Furthermore, if you are looking to purchase a qualifying Model Year 2022 or early Model Year 2023 electric vehicle before January 1, 2023, there is an online list with all the EVs that qualify for this program located under “For Vehicles Purchased before January 1, 2023” on the same webpage.

  • You may be eligible for a credit if you bought a vehicle, entered into a written binding contract before August 16, 2022, and took possession after August 16, 2022, and before January 1, 2023.
  • To take advantage of this credit, you must file Form 8936 with your 2022 tax return and provide the vehicle's VIN.
  • If you were eligible for the credit in a prior year but missed claiming it, you may still be able to file an amended return for that year.
  • The federal credit for qualified two-wheeled plug-in EVs expired in 2022.
  • 2021 purchases placed in service during 2022 can still be credited for 2022.
  • Purchases made after 2021 are ineligible for the credit.

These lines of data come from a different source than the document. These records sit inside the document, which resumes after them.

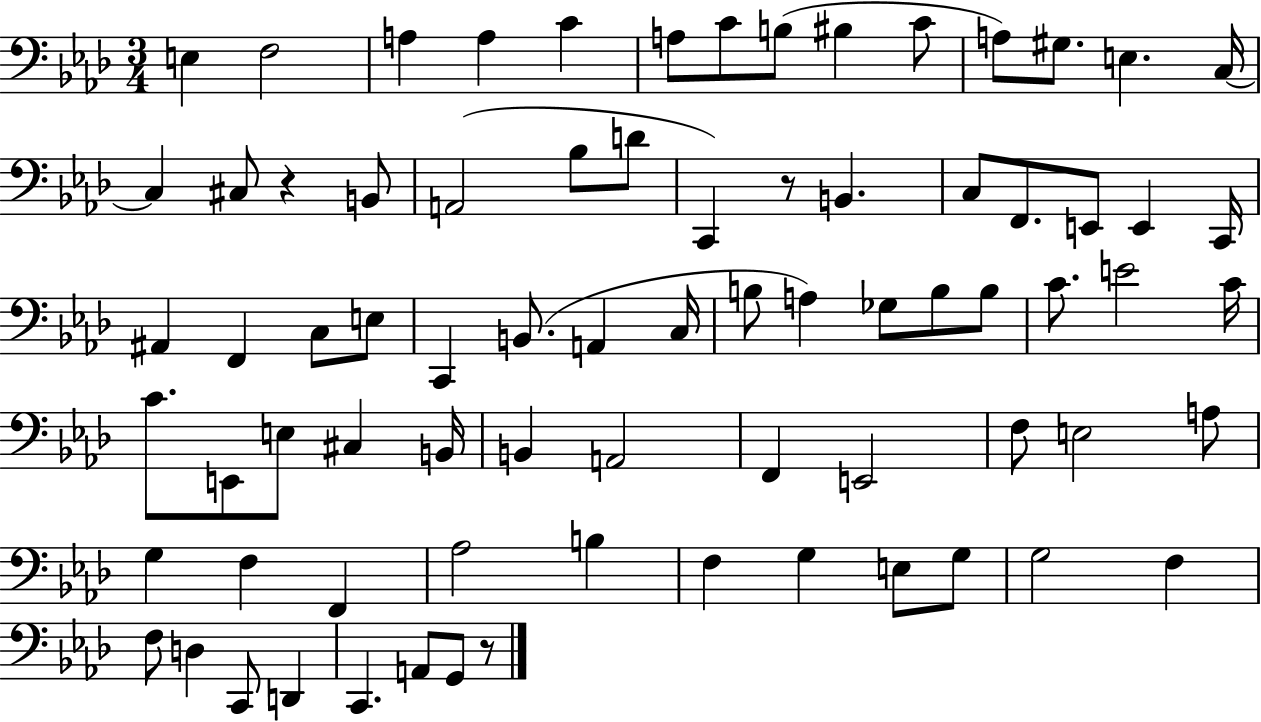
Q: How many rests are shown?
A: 3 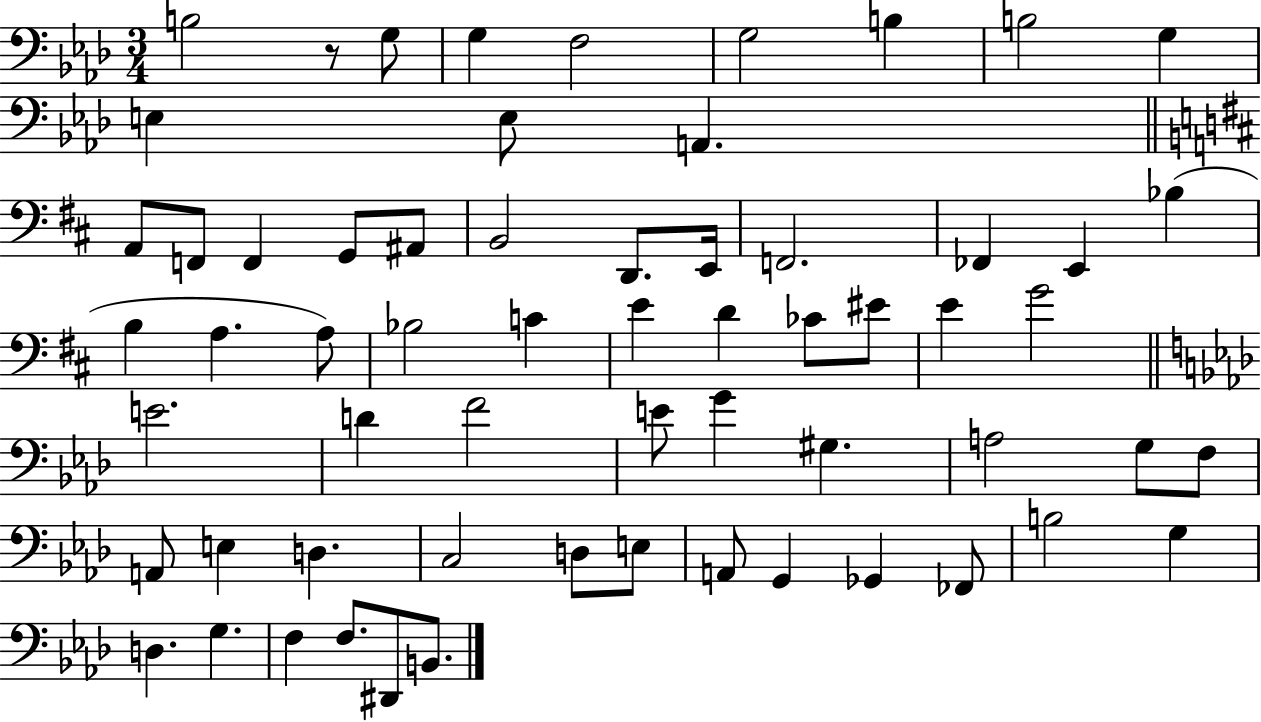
{
  \clef bass
  \numericTimeSignature
  \time 3/4
  \key aes \major
  b2 r8 g8 | g4 f2 | g2 b4 | b2 g4 | \break e4 e8 a,4. | \bar "||" \break \key d \major a,8 f,8 f,4 g,8 ais,8 | b,2 d,8. e,16 | f,2. | fes,4 e,4 bes4( | \break b4 a4. a8) | bes2 c'4 | e'4 d'4 ces'8 eis'8 | e'4 g'2 | \break \bar "||" \break \key aes \major e'2. | d'4 f'2 | e'8 g'4 gis4. | a2 g8 f8 | \break a,8 e4 d4. | c2 d8 e8 | a,8 g,4 ges,4 fes,8 | b2 g4 | \break d4. g4. | f4 f8. dis,8 b,8. | \bar "|."
} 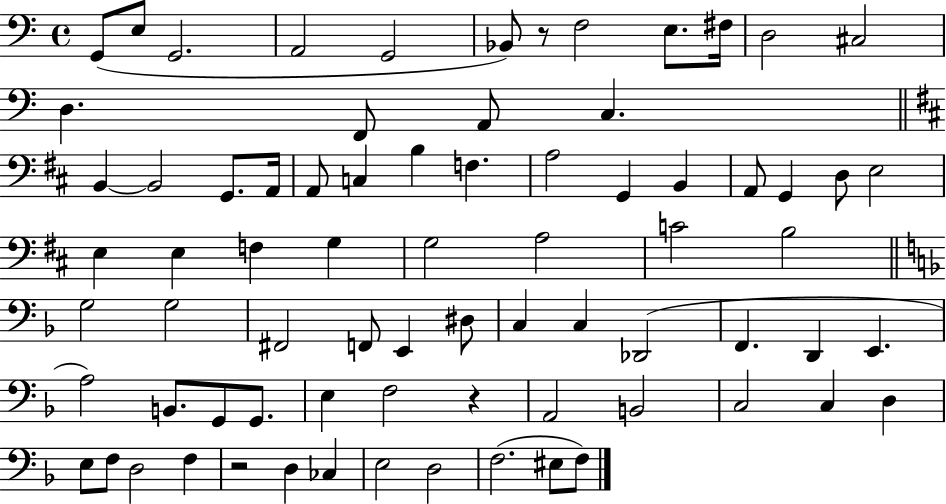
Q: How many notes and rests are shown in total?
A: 75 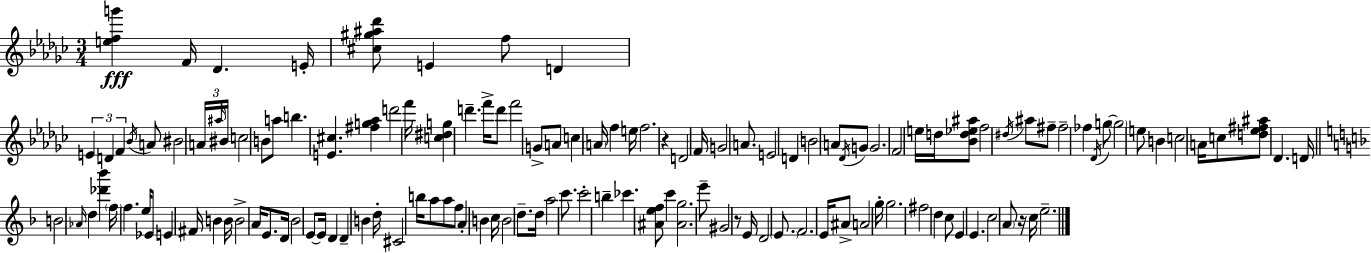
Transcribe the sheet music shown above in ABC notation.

X:1
T:Untitled
M:3/4
L:1/4
K:Ebm
[efg'] F/4 _D E/4 [^c^g^a_d']/2 E f/2 D E D F _B/4 A/2 ^B2 A/4 ^a/4 ^B/4 c2 B/2 a/2 b [E^c] [^fg_a] d'2 f'/4 [c^dg] d' f'/4 d'/2 f'2 G/2 A/2 c A/4 f e/4 f2 z D2 F/4 G2 A/2 E2 D B2 A/2 _D/4 G/2 G2 F2 e/4 d/4 [_Bd_e^a]/2 f2 ^d/4 ^a/2 ^f/2 ^f2 _f _D/4 g/2 g2 e/2 B c2 A/4 c/2 [d_e^f^a]/2 _D D/4 B2 _A/4 d [_d'_b'] f/4 f e/4 _E/2 E ^F/4 B B/4 B2 A/4 E/2 D/4 _B2 E/2 E/4 D D B d/4 ^C2 b/4 a/2 a/2 f/2 A B c/4 B2 d/2 d/4 a2 c'/2 c'2 b _c' [^Aef]/2 c' [^Ag]2 e'/2 ^G2 z/2 E/4 D2 E/2 F2 E/4 ^A/2 A2 g/4 g2 ^f2 d c/2 E E c2 A/2 z/4 c/4 e2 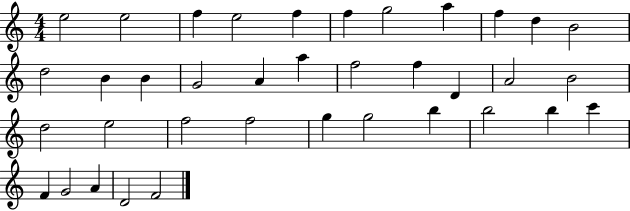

Income rules for 2022 vs 2023 for electric vehicles

Here are the main points to consider regarding the income rules for electric vehicles in 2022 and 2023:

2022

2023

To qualify for the tax credit for a new, qualified plug-in EV or fuel cell electric vehicle (FCV), your modified adjusted gross income (AGI) must not exceed:

1. $400,000 for married couples filing jointly

2. $200,000 for all other filers

To qualify for the tax credit for a new, qualified plug-in EV or fuel cell electric vehicle (FCV), your modified adjusted gross income (AGI) must not exceed:

1. $300,000 for married couples filing jointly

2. $225,000 for heads of households

3. $150,000 for all other filers

You can use your modified AGI from the year you take delivery of the vehicle or the year before, whichever is less.Make sure to optimize the value of your modified AGI when purchasing a vehicle – you can use whichever year has lower rates, whether it be from delivery or even the prior one.
If your modified AGI is below the threshold in one of the two years, you can claim the credit.Eligibility for the credit depends on Modified AGI. Two years of earnings must be below the threshold to qualify.
The credit is nonrefundable, so you can’t get back more on the credit than you owe in taxes.Credit is nonrefundable and cannot be higher than the amount of taxes owed.
The credit amount is up to $7,500 for a qualified EV or FCV.The credit amount for qualified EV or FCV can be up to $7,500.

 

Overall, the main difference between the income rules for electric vehicles in 2022 and 2023 is the AGI threshold for married couples filing jointly, which was reduced from $400,000 to $300,000.
Note: The Inflation Reduction Act of 2022 changed the income rules for the clean vehicle tax credit for vehicles purchased from 2023 to 2032.